Edit 2: Working with New Dawn... It has its own problems... Hear me out. I have a few test personas that should not be difficult to portray. If I showed you the card you'd say "that's boring shit, why would you even make a card like this". But they have some very, very specific constraints. Constraints which are unambiguous and referred to throughout the context in various ways and re-iterated several times. For one example - this character cannot physically touch this other character. It's a clear, unambiguous instruction that should be easy enough to follow. I don't provide a reason - absolutely everything else is a normal vanilla situation - I just stipulate that clause and reiterate it in different ways with examples. You'd be surprised at how difficult it is to get a model to follow this instruction in an RP context. It's a pretty good test (one of them, anyway) for how effectively a model generalizes to unusual situations. Typically, the tunes which were trained on a large volume of narrative training data or with aggressive training hyperparameters with a narrative data set (e.g. llama-3-storywriter) find this task completely impossible. Once they lock into a pattern in the writing (which itself, has a gravitational pull to Llama3's base personality), it will latch onto those things more and more. This happens to a certain extent with all models, but in the "story" tunes, this is especially egregious.

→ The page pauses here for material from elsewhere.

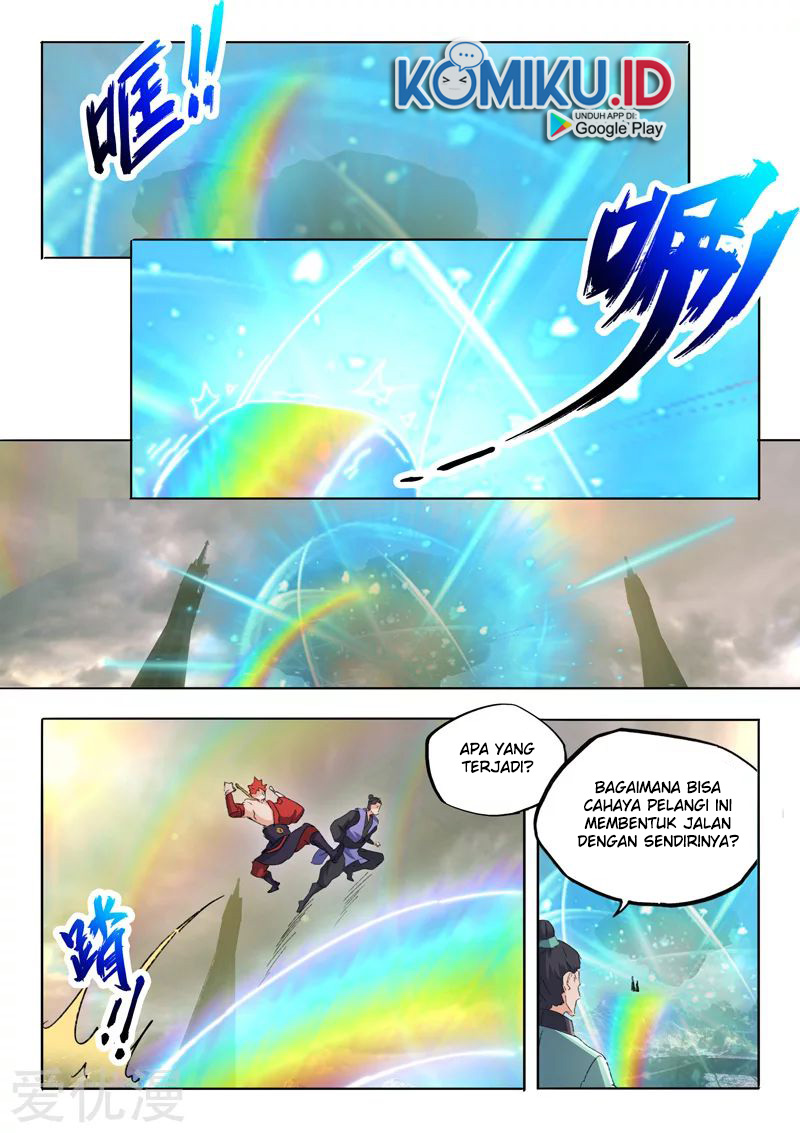 Martial Master chapter 480 halaman 5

What makes this problem even more insidious is New Dawn's actual inherent quality. It writes very well, is creative. It's almost exactly what I'm looking for. But when it fucks up, it's usually in a completely breaking way like that - it'll violate a core constraint instruction. Like I mentioned before - a single failure in this system can be a very big deal. We have hard persistence and - for better or worse - events that happen, happen. I'm trying to create an immersive simulation experience. That means no editing of persona responses. That concept doesn't even make sense in my system. The response you are seeing is an aggregated editor response. Even if you were to edit this response, you're not editing any world updates which may have gone to the DB, updates to the user's psych profile, memories created in the DB for a persona... Right now, I do allow a single regen that does an undo. That's as far as I'll go there. My point is that consistency is more important to my use case than most. Yes, I have a QC bot I can activate than check the inputs going into the DB. Here's the problem though. New Dawn is very smart and produces very high quality, readable, and convincing prose. It will easily fool a small model that's sanity checking data. Just use a bigger model that can understand? Well then, that model would just replace New Dawn altogether, wouldn't it? It's kind of a critical flaw. I'm not giving up on it, just something I noticed.